### INSTRUCTIONS FOR THE TASK
Pictures stay out of the copy. Transcribe exactly, and only, the line with "Lightweight Women's Oversized" through the last line of the entries below.

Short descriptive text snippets
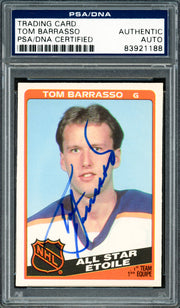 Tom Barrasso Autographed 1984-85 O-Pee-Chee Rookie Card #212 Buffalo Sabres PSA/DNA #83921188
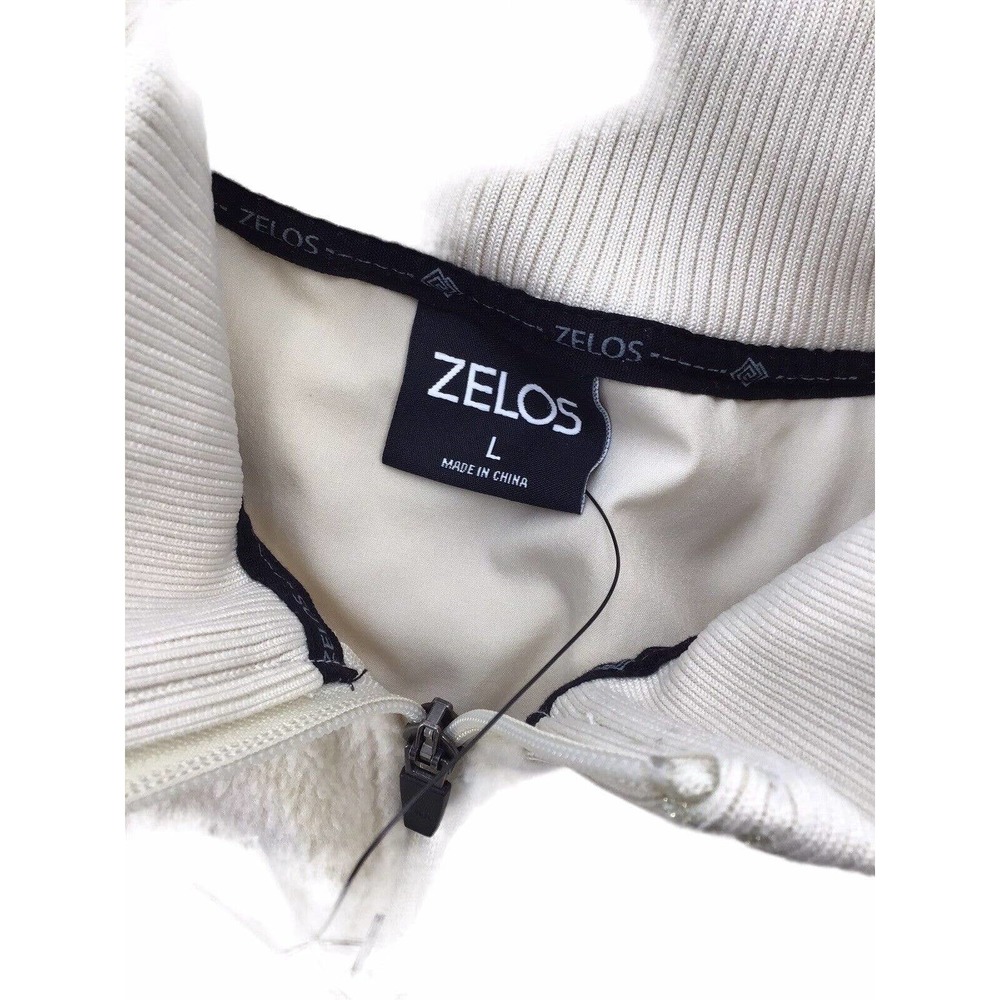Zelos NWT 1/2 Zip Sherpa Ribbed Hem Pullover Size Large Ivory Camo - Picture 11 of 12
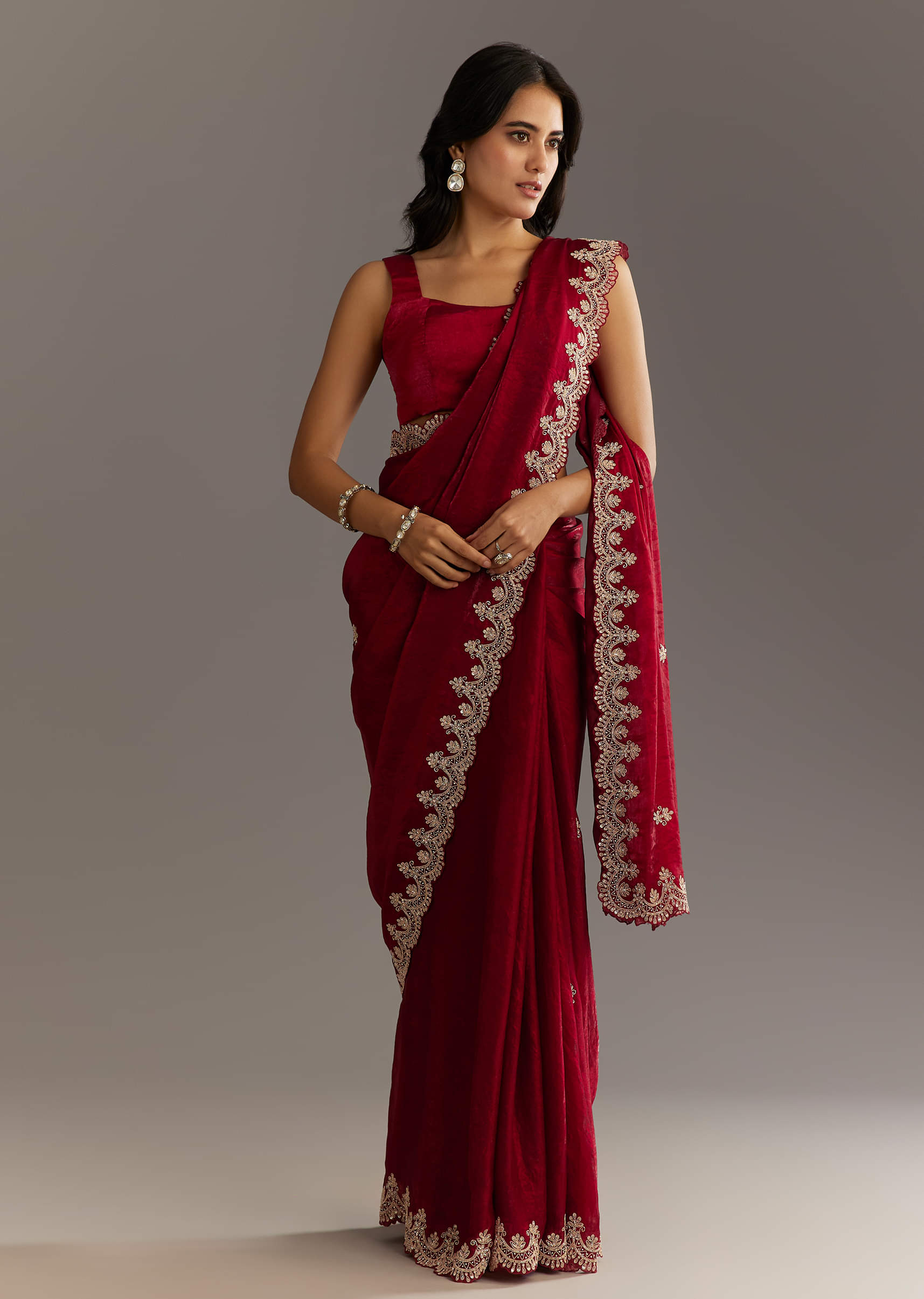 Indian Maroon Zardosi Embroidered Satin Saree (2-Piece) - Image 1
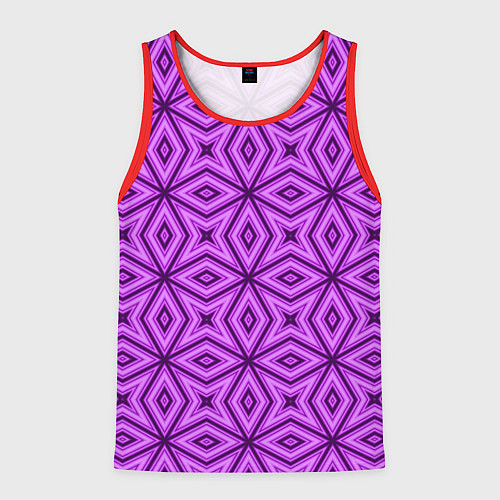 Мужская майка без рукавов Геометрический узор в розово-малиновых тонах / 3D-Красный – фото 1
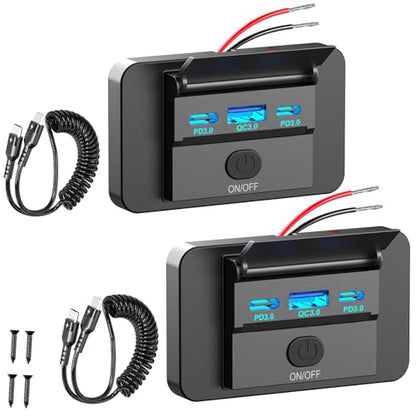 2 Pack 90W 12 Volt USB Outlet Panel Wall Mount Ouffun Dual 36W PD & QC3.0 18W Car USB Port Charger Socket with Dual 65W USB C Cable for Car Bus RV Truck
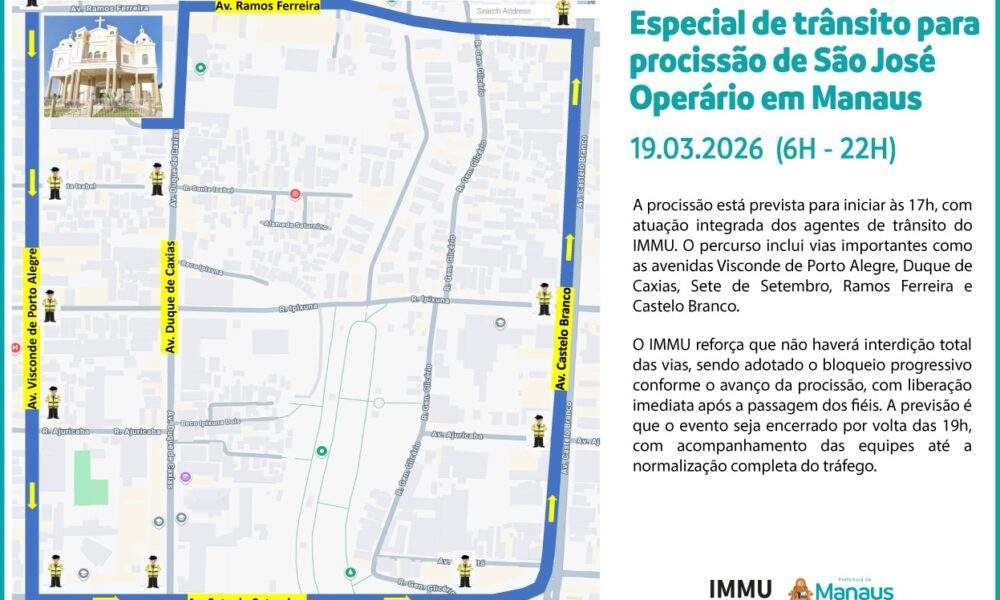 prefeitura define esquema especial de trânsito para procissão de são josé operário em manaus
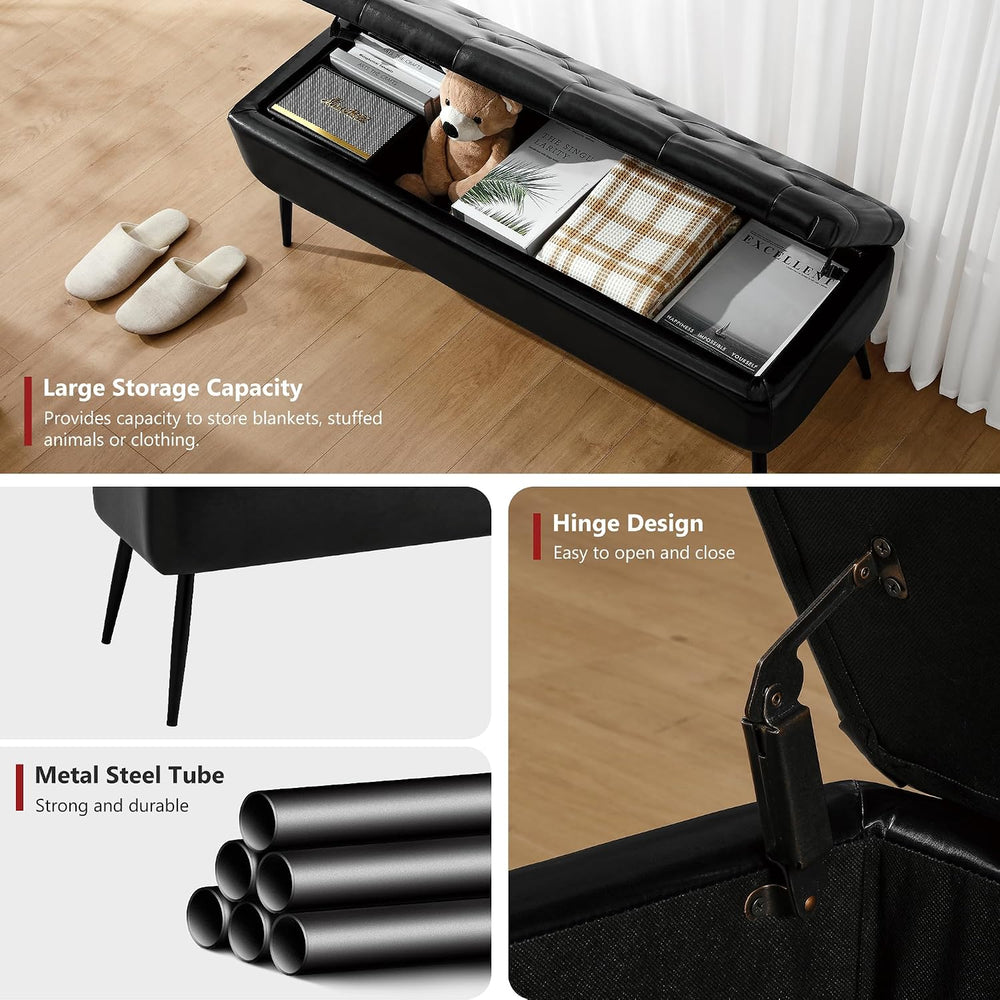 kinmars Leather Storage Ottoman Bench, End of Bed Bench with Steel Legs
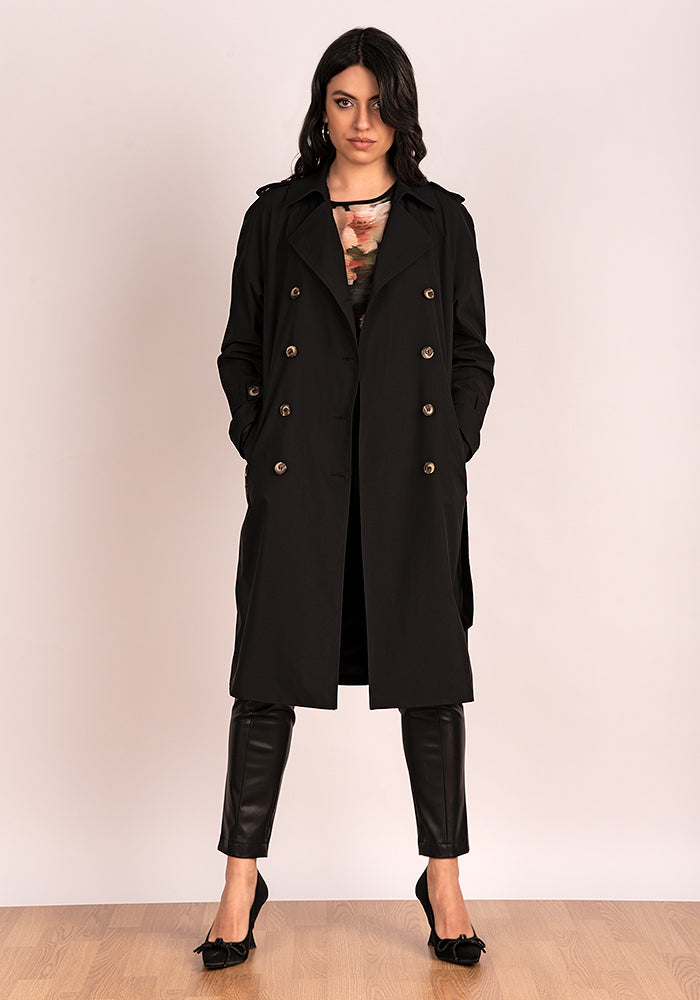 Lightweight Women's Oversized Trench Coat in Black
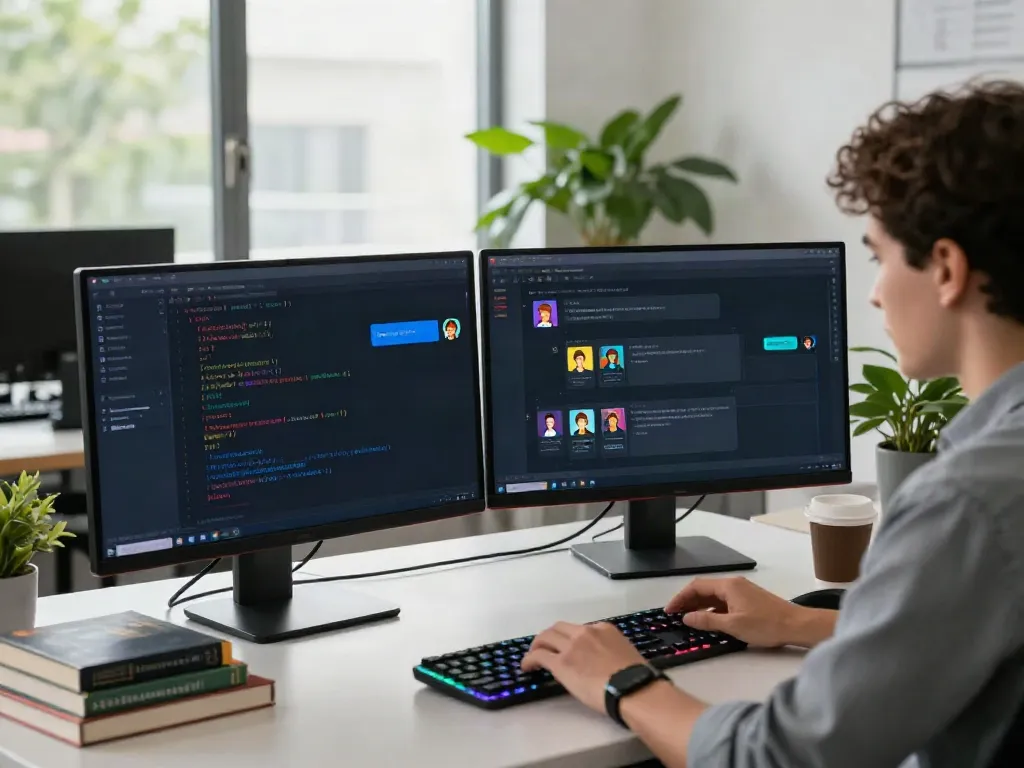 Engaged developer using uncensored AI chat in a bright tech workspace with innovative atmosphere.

### RESULT FOR THIS TASK
 Lightweight Women's Oversized Trench Coat in Black
 Engaged developer using uncensored AI chat in a bright tech workspace with innovative atmosphere.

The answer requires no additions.